This article by Harout Manougian is published by Constitutionnet. Here is an excerpt from the introduction:
As in other facets of life, building a nation’s constitution is more about the journey than the destination. Major events contribute to an altered general understanding among society, and a constitution codifies the new reality. But the process of drafting that language can be a major event itself; in a sense, “the medium is the message.”
In Armenia, former President Serzh Sargsyan moved the nation from a semi-presidential system of government to a parliamentary model through a constitutional referendum in 2015. Those changes were drafted by a presidential commission: nine members that reported directly to him. They ended up proposing a package that would allow him to shake off term limits while still retaining full control of the levers of government. Nikol Pashinyan, then an opposition MP, criticized that Constitution as “a suit tailored to fit the man,” referring to Serzh Sargsyan.
The 2015 Constitution is still in force today, but mass protests during Sargsyan’s transition from President to Prime Minister in 2018 led to his resignation.

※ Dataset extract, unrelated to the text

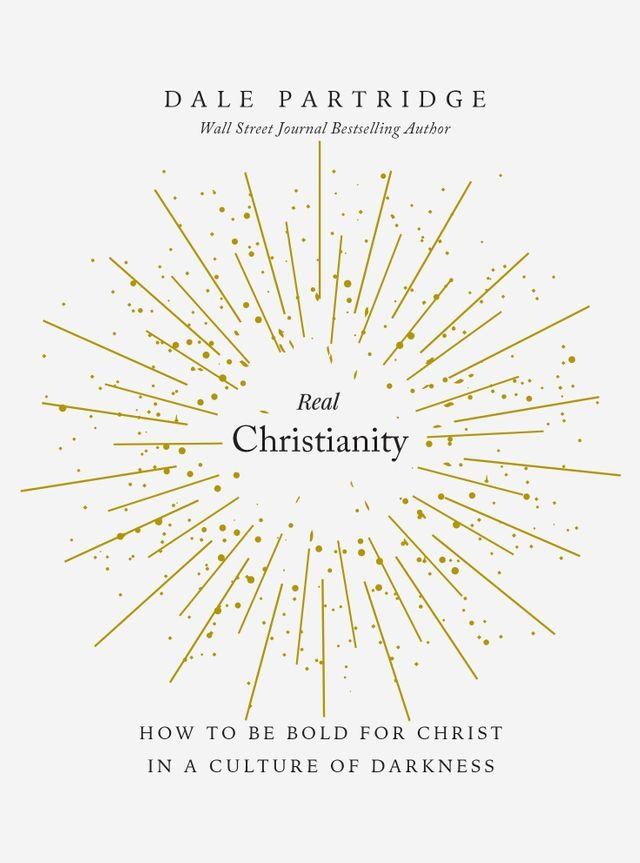  Real Christianity(Kobo/電子書)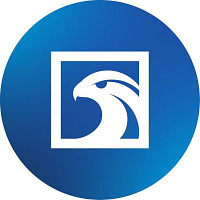ADNOC Drilling Company PJSC logo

Consequently, Pashinyan himself stepped into the (newly empowered) Office of Prime Minister. By December 2019, Pashinyan had appointed his own Expert Commission on Constitutional Reform. It was mostly a small group of hand-picked legal experts that reported directly to him but, this time, applications to join the Commission were accepted from constitutional law experts with at least seven years of experience and civil society organizations with a track record of democracy promotion. The two parliamentary opposition parties were also given one seat each at the table.